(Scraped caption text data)
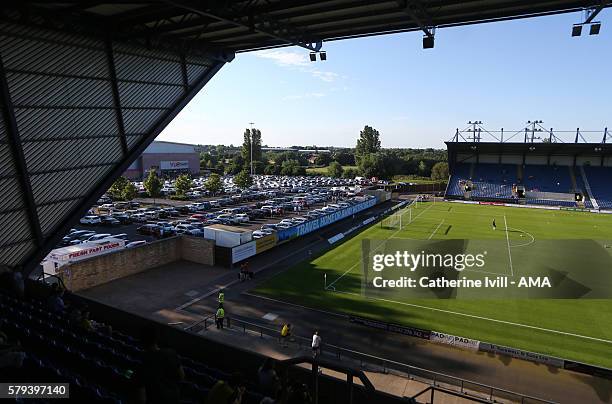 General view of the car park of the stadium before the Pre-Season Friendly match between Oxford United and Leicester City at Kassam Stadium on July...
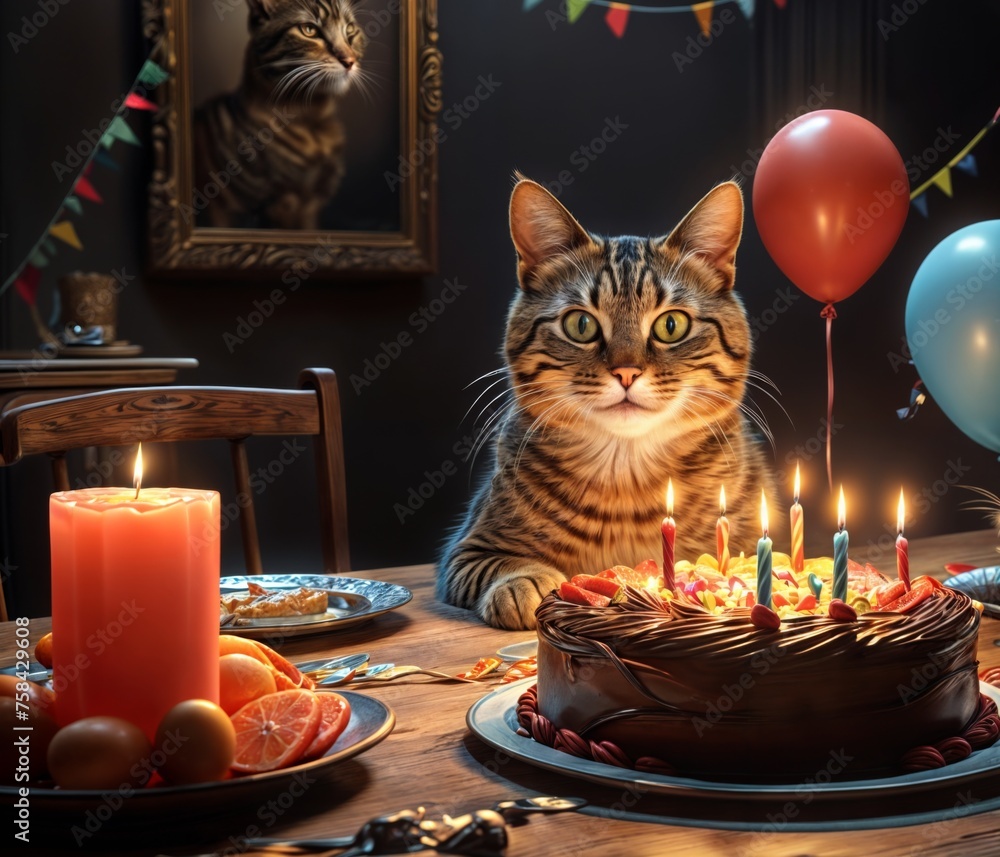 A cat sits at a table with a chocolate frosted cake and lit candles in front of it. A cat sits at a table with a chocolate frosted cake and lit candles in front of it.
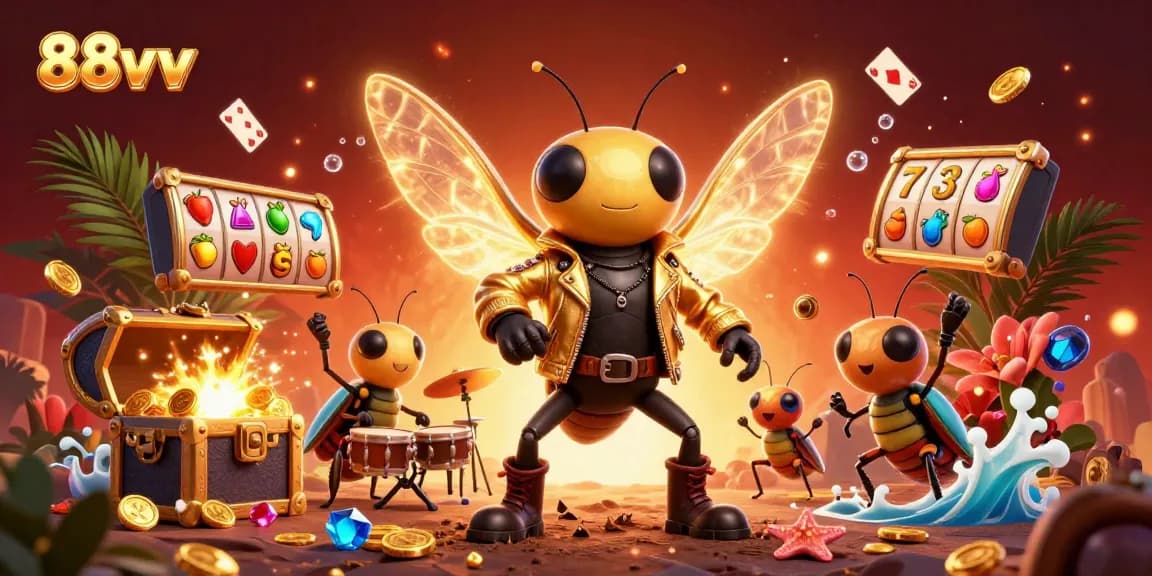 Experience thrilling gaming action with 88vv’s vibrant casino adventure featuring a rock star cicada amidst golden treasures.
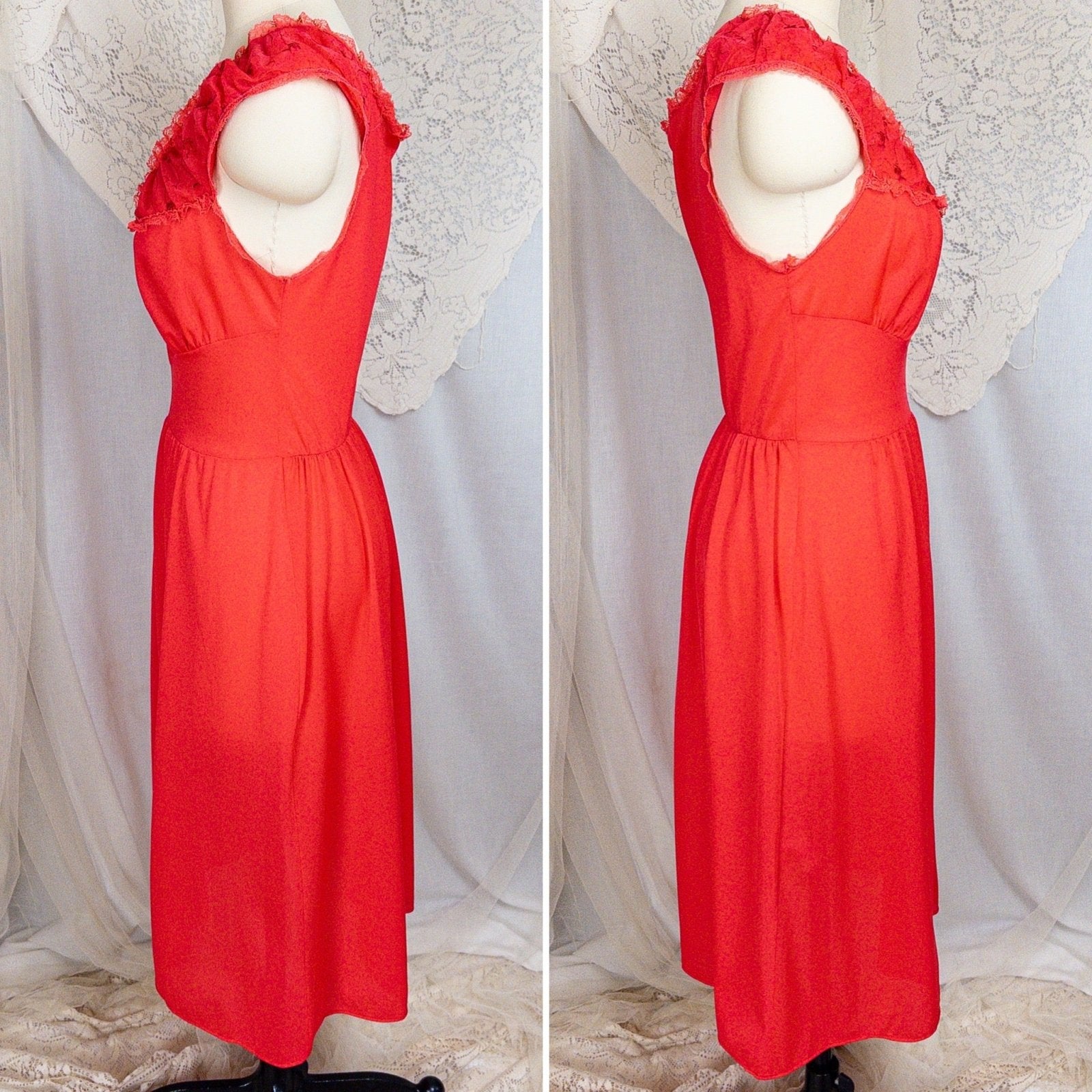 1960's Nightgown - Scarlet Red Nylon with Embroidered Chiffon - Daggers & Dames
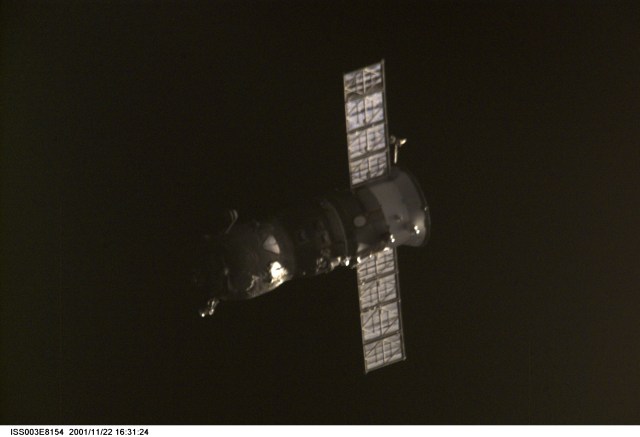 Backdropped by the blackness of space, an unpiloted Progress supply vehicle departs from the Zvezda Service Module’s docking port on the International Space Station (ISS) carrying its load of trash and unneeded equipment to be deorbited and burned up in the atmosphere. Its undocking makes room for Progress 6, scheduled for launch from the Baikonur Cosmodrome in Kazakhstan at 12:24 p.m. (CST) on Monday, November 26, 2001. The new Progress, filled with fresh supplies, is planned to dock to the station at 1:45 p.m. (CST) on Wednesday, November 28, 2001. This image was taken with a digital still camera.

WHAT YOU WILL DO → The lines above starting at the one that holds "Experience thrilling gaming" and ending at the one that holds "1960's Nightgown - Scarlet" are to be written out exactly, ends included, and no pictures are to be copied.

ANSWER →
 Experience thrilling gaming action with 88vv’s vibrant casino adventure featuring a rock star cicada amidst golden treasures.
 1960's Nightgown - Scarlet Red Nylon with Embroidered Chiffon - Daggers & Dames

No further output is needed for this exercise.